FIG. 31D is a right side view of an upper end portion of an arm support member.
FIG. 31E is a front detailed view of the upper end portion of the arm support member.
FIG. 31F is a rear detailed view of the upper end portion of the arm support member.
FIG. 32A is a right isometric detailed view of right and left cable-pulley assemblies.
FIG. 32B is a left isometric detailed view of right and left cable-pulley assemblies.
FIG. 32C is a cross sectional view of a linearizing cam and belt pulley connected with a resistance belt.
FIG. 33A is an exploded view of tensioning mechanism.
FIG. 33B is a cross sectional view of a belt pulley.
FIG. 33C is a cross sectional view of a locking member.
FIG. 33D is a cross sectional view of the tensioning mechanism showing the locking member disengaged from the belt pulley.
FIG. 33E is a cross sectional view of the tensioning mechanism showing the locking member engaged with the belt pulley.
FIG. 34A is an isometric view of resistance pack showing a first side.
FIG. 34B is an isometric view of the resistance pack showing a second side.
FIG. 34C is an isometric view of the first side of the resistance pack shown in a resistance element.
FIG. 34D is a side view of the resistance element.
FIG. 34E is an isometric view of a resistance element having a first width.
FIG. 34F is an isometric view of a resistance element having a second width.
FIG. 34G is an isometric view of a resistance element having a third width.
FIG. 35A is a detailed view of a linearizing cam and resistance axle.
FIG. 35B is an exploded view of a linearizing cam, first resistance pack, a clam shell clamp, and resistance axle.
FIG. 35C is a cross sectional view of the clam shell claim and resistance axle.
FIG. 36A is a right side isometric view of a second alternative exercise device.
FIG. 36B is a left side isometric view of a second alternative exercise device.
FIG. 36C is right front isometric view of a cable-pulley system of the second alternative exercise device.
FIG. 36D is left rear isometric view of a cable-pulley system of the second alternative exercise device.
FIG. 36E is left front isometric view of a cable-pulley system of the second alternative exercise device.
FIG. 36F is right rear isometric view of a cable-pulley system of the second alternative exercise device.
DETAILED DESCRIPTION OF THE INVENTION Aspects of the present invention involve an exercise device configurable to allow a user to perform various exercises. The exercise devices described and depicted herein include an adjustable bench assembly connected with a frame supporting adjustable arm and cable-pulley assemblies providing a user interface with a resistance system. As discussed below, the exercise devices can include at least one cable having a first end connected with a handle or other actuation component and a second end operably coupled with a resistance pack and/or the resistance system. It is to be appreciated that other embodiments include more than one cable to actuate a single resistance pack. In some embodiments having more than one cable, each cable is operably coupled with a separate resistance arrangement. The exercise devices can also include various types of resistance systems and/or resistance packs. For example, some exercise devices include resistance packs with torsional springs. With such an exercise device, one or more resistance packs are actuated by grasping the handles and pulling the cable such that the torsional springs are wrapped about an axis to impart resistance against the cable motion and hence against the user. Other embodiments of the exercise devices include a resistance system with a transmission supporting a plurality of resistance packs. The transmission allows a user to conveniently engage any number of resistance packs to change the resistance level for a particular exercise.

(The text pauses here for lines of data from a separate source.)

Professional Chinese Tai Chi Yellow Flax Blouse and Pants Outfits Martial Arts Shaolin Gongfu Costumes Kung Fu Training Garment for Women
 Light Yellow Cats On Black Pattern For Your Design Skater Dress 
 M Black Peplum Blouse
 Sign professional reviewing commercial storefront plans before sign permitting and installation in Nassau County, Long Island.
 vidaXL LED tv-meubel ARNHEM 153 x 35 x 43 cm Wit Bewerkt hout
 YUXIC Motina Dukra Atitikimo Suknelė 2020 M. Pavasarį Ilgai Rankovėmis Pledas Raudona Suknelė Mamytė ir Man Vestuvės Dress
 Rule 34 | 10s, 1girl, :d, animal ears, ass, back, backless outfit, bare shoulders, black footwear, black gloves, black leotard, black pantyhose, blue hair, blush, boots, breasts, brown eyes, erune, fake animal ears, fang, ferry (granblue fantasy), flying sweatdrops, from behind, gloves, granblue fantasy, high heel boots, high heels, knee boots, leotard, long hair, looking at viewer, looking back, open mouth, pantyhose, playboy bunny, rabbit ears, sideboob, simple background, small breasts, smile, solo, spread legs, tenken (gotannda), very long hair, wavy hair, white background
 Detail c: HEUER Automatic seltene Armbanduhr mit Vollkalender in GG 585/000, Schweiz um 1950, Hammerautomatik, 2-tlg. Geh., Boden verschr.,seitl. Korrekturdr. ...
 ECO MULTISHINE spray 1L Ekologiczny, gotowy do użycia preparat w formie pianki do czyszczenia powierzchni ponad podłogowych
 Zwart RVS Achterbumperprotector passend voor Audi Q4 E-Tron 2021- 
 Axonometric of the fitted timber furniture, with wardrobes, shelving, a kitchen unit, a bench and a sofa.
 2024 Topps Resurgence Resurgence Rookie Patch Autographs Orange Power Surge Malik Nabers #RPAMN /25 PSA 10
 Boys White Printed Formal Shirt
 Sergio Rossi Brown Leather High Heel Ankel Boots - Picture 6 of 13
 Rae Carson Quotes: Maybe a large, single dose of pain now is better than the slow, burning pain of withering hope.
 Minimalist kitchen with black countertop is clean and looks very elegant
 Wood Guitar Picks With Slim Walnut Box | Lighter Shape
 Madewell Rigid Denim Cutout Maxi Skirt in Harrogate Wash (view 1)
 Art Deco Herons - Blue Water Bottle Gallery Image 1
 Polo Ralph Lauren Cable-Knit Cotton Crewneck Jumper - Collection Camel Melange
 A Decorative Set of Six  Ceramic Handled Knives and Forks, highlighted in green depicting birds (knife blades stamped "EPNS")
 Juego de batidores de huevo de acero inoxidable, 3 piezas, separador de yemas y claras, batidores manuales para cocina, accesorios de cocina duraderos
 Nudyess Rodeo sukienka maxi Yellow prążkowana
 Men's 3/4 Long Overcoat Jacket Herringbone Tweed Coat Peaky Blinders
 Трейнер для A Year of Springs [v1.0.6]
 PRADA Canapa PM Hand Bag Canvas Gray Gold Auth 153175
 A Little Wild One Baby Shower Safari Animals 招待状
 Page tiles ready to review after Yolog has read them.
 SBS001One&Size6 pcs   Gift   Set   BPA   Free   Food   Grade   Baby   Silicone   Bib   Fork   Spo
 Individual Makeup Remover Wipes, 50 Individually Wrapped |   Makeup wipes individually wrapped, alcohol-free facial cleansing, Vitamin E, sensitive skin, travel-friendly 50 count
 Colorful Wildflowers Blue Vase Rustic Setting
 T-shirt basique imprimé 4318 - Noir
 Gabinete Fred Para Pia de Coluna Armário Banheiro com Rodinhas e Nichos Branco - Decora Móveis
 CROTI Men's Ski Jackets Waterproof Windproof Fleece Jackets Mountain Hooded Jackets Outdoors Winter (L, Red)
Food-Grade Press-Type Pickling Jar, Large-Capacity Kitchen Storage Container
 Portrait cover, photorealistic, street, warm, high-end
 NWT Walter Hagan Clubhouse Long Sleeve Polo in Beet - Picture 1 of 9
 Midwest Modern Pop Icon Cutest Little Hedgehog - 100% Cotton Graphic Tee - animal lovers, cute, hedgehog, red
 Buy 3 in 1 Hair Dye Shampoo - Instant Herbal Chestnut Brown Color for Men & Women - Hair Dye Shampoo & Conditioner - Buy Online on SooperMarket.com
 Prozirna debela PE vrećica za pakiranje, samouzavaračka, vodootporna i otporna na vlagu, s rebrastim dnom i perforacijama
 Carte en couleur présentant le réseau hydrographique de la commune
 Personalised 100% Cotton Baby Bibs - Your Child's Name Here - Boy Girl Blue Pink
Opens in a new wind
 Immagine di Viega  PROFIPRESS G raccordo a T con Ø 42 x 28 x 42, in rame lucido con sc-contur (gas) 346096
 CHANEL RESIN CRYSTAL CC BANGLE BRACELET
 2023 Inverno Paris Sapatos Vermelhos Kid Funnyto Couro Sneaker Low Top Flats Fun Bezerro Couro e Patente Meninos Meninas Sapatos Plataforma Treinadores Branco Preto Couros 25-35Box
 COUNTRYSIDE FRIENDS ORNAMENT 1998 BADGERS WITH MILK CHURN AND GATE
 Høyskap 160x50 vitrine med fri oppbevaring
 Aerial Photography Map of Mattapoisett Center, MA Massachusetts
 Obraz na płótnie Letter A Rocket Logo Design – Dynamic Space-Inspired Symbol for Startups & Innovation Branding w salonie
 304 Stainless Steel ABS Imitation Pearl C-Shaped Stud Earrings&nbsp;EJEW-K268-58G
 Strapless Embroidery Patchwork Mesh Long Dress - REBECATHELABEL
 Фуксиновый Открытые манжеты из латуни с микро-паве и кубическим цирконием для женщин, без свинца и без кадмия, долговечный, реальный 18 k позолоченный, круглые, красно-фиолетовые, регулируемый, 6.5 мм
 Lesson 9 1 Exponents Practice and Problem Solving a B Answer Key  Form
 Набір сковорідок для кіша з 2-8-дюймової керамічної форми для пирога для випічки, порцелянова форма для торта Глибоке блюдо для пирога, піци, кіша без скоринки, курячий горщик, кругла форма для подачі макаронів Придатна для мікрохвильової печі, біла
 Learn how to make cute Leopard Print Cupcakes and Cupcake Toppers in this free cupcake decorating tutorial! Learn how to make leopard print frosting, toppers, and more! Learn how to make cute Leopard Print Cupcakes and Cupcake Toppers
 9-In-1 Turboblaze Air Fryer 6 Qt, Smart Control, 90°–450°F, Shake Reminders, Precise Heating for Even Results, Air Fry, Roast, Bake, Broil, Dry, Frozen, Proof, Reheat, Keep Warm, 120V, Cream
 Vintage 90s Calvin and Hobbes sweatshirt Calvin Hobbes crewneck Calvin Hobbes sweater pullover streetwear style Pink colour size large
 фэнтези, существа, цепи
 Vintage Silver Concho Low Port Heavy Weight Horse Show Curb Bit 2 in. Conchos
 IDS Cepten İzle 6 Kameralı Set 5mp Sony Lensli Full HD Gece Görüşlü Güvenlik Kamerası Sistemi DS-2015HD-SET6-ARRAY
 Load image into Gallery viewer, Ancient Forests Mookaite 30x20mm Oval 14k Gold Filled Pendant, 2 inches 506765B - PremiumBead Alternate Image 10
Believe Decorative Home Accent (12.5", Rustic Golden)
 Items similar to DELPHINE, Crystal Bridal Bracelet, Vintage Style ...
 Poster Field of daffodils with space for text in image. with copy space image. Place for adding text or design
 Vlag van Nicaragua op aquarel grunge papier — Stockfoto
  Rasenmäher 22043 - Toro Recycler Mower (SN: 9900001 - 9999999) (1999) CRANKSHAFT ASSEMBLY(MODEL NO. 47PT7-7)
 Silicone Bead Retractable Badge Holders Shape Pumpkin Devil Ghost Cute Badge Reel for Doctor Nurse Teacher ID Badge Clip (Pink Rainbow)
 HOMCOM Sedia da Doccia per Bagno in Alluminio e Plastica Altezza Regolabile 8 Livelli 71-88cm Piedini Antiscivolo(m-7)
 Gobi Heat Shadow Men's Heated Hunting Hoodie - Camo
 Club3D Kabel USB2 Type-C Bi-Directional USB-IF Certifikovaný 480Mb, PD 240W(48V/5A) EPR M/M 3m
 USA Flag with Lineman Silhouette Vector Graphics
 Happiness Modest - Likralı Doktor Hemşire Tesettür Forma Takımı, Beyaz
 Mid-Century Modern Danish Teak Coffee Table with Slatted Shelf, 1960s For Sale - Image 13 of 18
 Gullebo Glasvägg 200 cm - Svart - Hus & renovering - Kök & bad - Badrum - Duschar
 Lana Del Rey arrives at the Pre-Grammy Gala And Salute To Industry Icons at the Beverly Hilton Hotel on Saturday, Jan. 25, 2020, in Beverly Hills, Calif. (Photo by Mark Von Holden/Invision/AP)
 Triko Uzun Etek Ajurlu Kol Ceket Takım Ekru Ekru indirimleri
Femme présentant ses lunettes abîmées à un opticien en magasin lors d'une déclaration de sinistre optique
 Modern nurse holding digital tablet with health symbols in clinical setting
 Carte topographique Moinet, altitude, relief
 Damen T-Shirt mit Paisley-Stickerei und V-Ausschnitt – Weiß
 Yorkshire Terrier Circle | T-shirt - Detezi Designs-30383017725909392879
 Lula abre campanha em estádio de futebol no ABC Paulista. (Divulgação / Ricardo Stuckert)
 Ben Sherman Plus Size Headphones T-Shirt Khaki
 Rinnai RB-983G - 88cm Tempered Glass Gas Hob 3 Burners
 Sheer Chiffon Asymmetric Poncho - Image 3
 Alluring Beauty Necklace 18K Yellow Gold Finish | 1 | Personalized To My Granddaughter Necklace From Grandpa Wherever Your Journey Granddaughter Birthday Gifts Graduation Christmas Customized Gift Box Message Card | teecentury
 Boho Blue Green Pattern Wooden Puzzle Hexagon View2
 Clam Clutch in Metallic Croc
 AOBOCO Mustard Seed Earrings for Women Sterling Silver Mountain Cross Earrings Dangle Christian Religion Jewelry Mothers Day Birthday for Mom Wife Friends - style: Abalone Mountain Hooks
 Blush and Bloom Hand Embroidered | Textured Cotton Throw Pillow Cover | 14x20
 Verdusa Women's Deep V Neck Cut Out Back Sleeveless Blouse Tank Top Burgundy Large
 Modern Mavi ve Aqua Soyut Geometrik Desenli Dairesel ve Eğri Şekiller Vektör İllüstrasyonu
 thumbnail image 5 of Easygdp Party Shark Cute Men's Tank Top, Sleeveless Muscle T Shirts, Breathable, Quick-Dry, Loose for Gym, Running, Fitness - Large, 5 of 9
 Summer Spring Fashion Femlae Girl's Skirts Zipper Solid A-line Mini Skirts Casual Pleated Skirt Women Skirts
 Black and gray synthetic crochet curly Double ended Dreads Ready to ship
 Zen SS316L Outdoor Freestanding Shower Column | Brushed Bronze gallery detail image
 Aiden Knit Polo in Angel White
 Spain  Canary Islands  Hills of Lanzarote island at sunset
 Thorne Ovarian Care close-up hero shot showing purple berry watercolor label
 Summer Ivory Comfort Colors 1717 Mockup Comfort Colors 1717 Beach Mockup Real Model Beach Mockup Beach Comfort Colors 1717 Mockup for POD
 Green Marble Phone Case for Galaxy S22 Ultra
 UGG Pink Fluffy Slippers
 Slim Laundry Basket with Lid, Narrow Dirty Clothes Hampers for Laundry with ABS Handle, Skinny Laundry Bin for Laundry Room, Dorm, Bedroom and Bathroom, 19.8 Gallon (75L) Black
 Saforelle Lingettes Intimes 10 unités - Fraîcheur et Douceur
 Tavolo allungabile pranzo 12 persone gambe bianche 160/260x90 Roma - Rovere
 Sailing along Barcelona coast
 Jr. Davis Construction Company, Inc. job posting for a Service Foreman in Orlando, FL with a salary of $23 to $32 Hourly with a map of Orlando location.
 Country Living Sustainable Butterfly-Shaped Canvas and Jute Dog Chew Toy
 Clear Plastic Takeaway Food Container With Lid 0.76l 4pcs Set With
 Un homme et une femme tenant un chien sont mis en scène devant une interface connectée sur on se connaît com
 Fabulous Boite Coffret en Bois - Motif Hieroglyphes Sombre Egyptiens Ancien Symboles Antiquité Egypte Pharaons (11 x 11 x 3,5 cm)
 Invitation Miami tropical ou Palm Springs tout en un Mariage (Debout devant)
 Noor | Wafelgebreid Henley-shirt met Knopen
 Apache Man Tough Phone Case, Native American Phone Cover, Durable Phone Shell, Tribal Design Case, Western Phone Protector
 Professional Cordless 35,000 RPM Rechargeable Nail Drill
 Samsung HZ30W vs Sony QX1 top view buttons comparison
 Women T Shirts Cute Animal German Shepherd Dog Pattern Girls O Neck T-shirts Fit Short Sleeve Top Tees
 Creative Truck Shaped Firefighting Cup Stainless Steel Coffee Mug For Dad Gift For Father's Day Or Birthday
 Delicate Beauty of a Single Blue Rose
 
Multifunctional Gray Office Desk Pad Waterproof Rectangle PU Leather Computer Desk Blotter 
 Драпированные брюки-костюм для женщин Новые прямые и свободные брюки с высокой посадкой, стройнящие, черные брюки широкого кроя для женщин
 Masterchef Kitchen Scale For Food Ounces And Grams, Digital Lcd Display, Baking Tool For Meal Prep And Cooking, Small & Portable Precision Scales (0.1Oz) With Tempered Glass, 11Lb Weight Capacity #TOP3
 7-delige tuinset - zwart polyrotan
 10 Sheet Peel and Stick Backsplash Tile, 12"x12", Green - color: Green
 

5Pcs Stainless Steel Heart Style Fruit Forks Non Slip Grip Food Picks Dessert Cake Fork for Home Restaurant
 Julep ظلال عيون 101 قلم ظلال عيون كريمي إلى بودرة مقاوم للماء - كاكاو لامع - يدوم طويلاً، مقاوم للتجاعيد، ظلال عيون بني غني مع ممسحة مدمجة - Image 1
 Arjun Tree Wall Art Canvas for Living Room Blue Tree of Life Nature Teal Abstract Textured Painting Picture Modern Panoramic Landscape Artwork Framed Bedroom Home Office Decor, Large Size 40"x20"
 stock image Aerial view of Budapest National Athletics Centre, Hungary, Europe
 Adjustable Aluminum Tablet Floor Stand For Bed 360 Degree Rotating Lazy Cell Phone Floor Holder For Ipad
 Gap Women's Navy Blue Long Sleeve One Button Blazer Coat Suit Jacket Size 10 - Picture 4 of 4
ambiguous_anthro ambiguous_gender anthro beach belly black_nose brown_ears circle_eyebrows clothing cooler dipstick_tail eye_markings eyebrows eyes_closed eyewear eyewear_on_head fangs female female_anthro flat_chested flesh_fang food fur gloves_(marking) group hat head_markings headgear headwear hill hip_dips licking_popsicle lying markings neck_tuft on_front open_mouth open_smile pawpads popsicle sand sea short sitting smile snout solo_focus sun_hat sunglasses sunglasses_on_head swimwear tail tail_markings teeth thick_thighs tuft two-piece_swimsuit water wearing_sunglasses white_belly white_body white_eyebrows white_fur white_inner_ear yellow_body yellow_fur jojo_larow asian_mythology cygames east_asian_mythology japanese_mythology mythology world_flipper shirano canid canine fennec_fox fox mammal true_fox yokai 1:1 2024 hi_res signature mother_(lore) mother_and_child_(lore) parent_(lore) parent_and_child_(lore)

In addition to being able to select the level of resistance, some embodiments of the exercise devices allow a user to select from a plurality of force curves. A force curve defines how resistance forces from the resistance system vary through a user's range of motion during exercise. For example, some embodiments allow a user to select an increasing resistance which is referred to as a “progressive” force curve. Other embodiments allow a user to select a decreasing resistance which is referred to as a “regressive” force curve. With a progressive force curve, the exercise resistance increases from the beginning of actuation of a resistance pack through full actuation. With a regressive force curve, the exercise resistance decreases from beginning to full actuation. Still other embodiments provide a variable force curve having an initially increasing resistance from the beginning of actuation of a resistance pack and then a decreasing resistance through full actuation. Yet other embodiments provide a variable force curve having an initially decreasing resistance from the beginning of actuation of a resistance pack and then an increasing resistance through full actuation.
In some embodiments of the exercise device, the adjustable bench assembly includes a bench seat and a pivotal back support supported on an adjustable bench frame that allows the user to adjust the height and level of the seat and back support as well as the orientation of the bench relative to the frame. The exercise devices also utilize various configurations of adjustable arm assemblies that are selectively positionable for numerous exercises and to suit a user's particular body size and shape. One embodiment includes a releasable locking mechanism that allows the user to simultaneously maneuver an adjustable arm assembly in more than one range of motion.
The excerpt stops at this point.